I crouch low, careful not to touch the forest floor for fear of chiggers, fire ants, venomous snakes, and stinging plants. After five minutes of stillness, Michael points to a branch above my head. I smile and look up, reaching for my binoculars. A stark white breast stands out against sleek black plumage. I will never tire of the sight of a White-breasted Thrasher. This bird has no fancy bells or whistles, but an understated elegance which makes it as attractive to me as the brightest tropical bird.
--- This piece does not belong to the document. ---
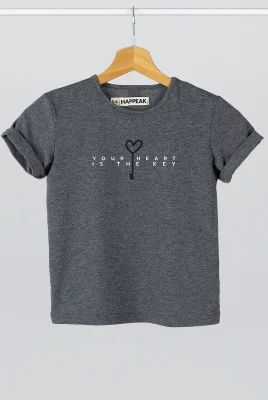 Marškinėliai „Heart is the key” ART.HAPPEAK  - 8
Through my binoculars, I read “Red-Green” and “Orange-Silver” combinations of bands on the bird's long legs. I now know that this bird is the breeding female, coming to keep a watchful eye on her eggs.
A Future for the Thrasher
The White-breasted Thrasher, known in Kwéyòl as Gorge Blanc (white throat), inhabits dry river valleys in eastern and northern St. Lucia. There is only one other small population of White-breasted Thrashers, on the neighboring West Indian island of Martinique. Introduced mammals and habitat destruction are the primary threats to these rare and endangered birds. The subpopulation where I am working in Mandelé, St. Lucia, now faces an immediate crisis: a 500-plus-acre resort under construction that has destroyed 37 percent of the thrasher's total habitat.
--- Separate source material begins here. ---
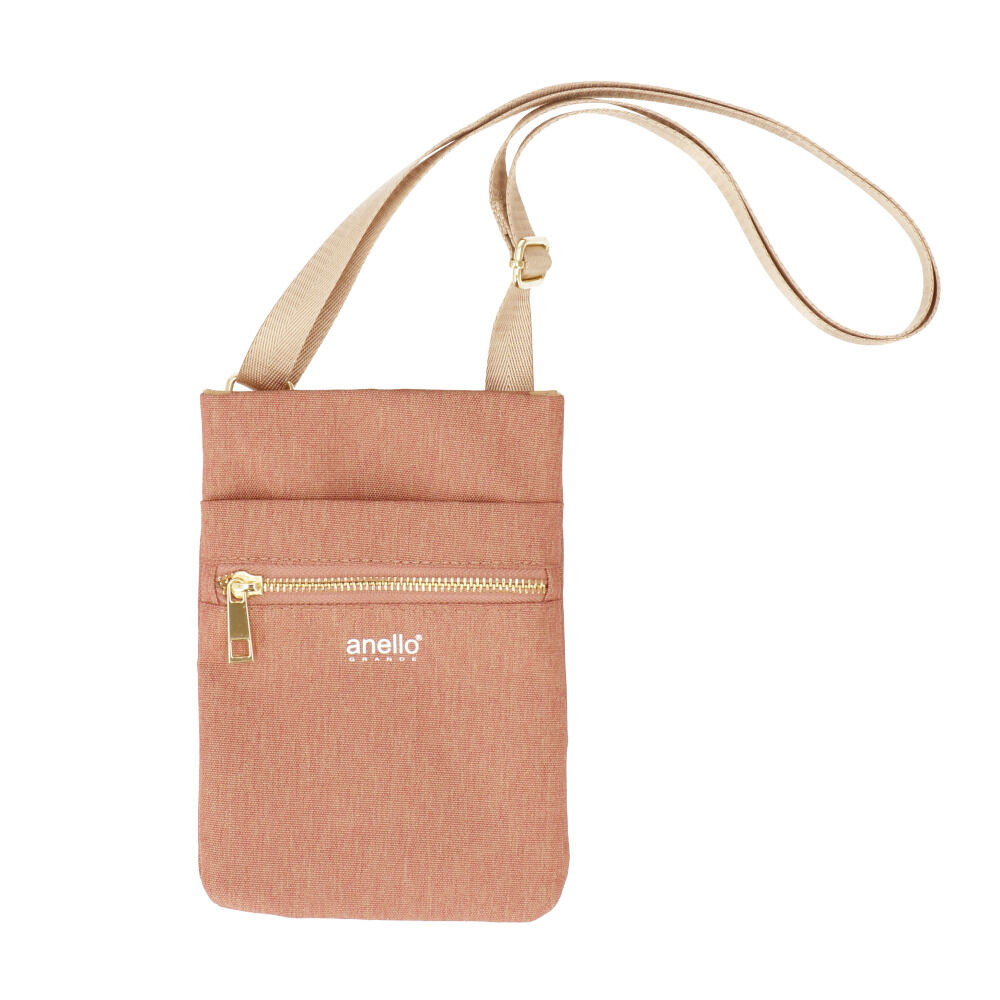 anello「アネロ ミニショルダーバッグ 通販 anello GRANDE レディース 大人 ショルダーバッグ」|ショルダー・メッセンジャー|ピンク1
Forest once occupied by White-breasted Thrasher, and essential for its successful nesting, was cleared in 2006 for a golf course and residential resort. In addition to outright habitat destruction, fragmentation from the resort development created an “edge effect,” exposing the now-small forest patches to invasive predators along forest borders and increasing nest predation.
Deforestation and the resulting erosion have turned a once-productive native forest into a desiccated wasteland. Nonetheless, thrashers continue to nest in high density in the forest patches between the golf course fairways. I am investigating the thrashers' behavioral shift resulting from this changed ecosystem. Cooperative breeding, where three to six adults collectively care for nestlings in one nest, is more prevalent among thrashers in the fragments than those nesting in intact forest. I am monitoring nests in both the fragments and a nearby forest reserve to compare nest success, behavior, and the impact of predation.
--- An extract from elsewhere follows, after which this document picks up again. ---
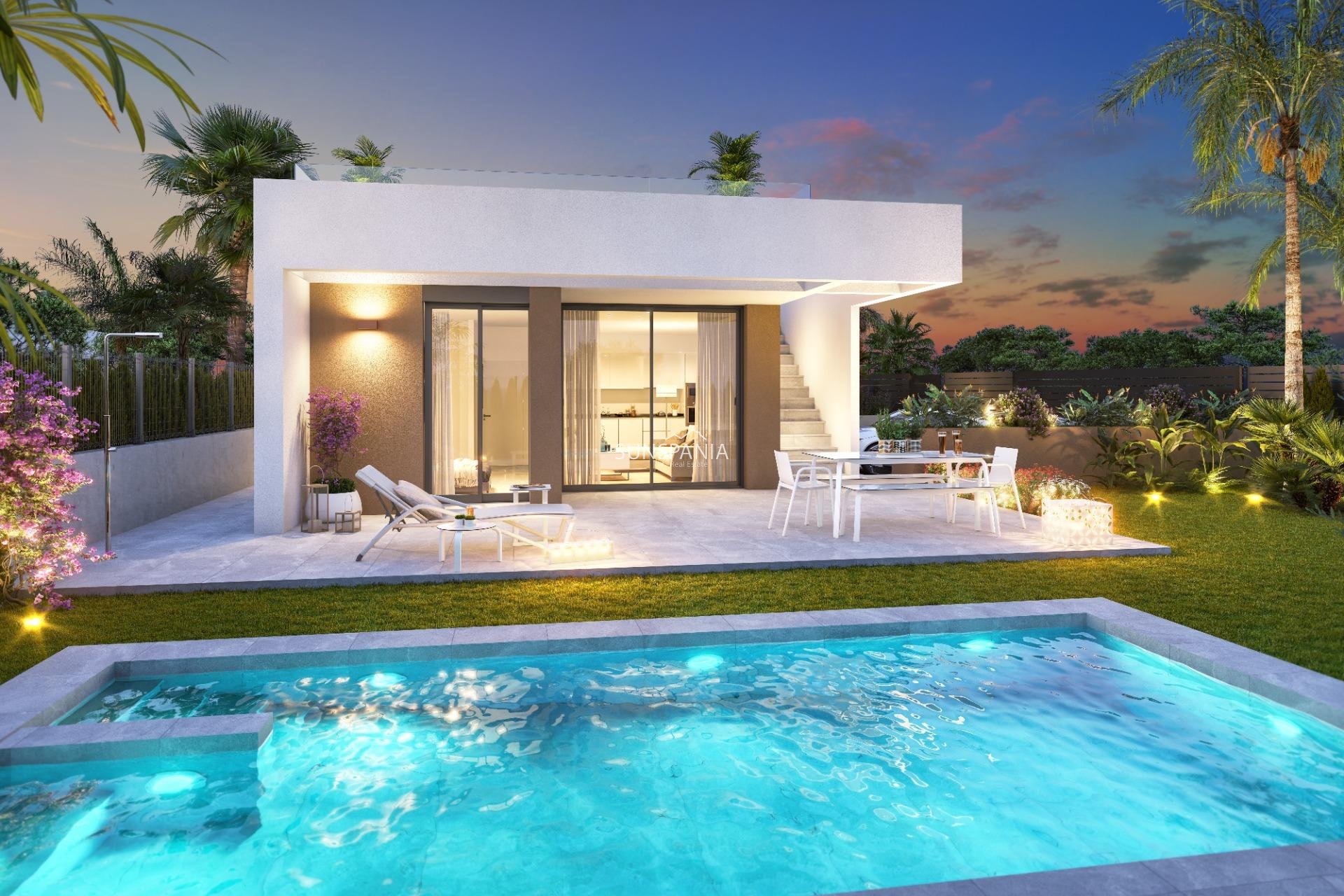 Obra nueva - Chalet -
Vera - Pueblo Salinas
Thanks to the support of American Bird Conservancy, I am including small mammal trapping in my conservation study this year. The forest fragments on the golf course are a perfect home to introduced mammals such as cats, rats, Indian mongoose, and opossum. These mammals are significant predators of the White-breasted Thrasher and are a particular threat to nestlings and fledglings. We set cage traps throughout the forest fragments to estimate mammal density and diet. Because thrashers are endemic to the West Indies, they evolved in the absence of these mammalian predators and lack the instincts to protect themselves. Removing cats and mongoose from the site is showing to be an effective measure in increasing thrasher nest success.
This critical wildlife habitat may disappear if conscious conservation measures are not taken in St. Lucia. Continued research and educational outreach are critical to protect White-breasted Thrashers—and the environmentally and culturally rich ecosystem where these birds live.
Kate Freeman is a graduate student in biology at Villanova University. She spent May-August 2013 in St. Lucia studying the White-breasted Thrasher for her thesis research.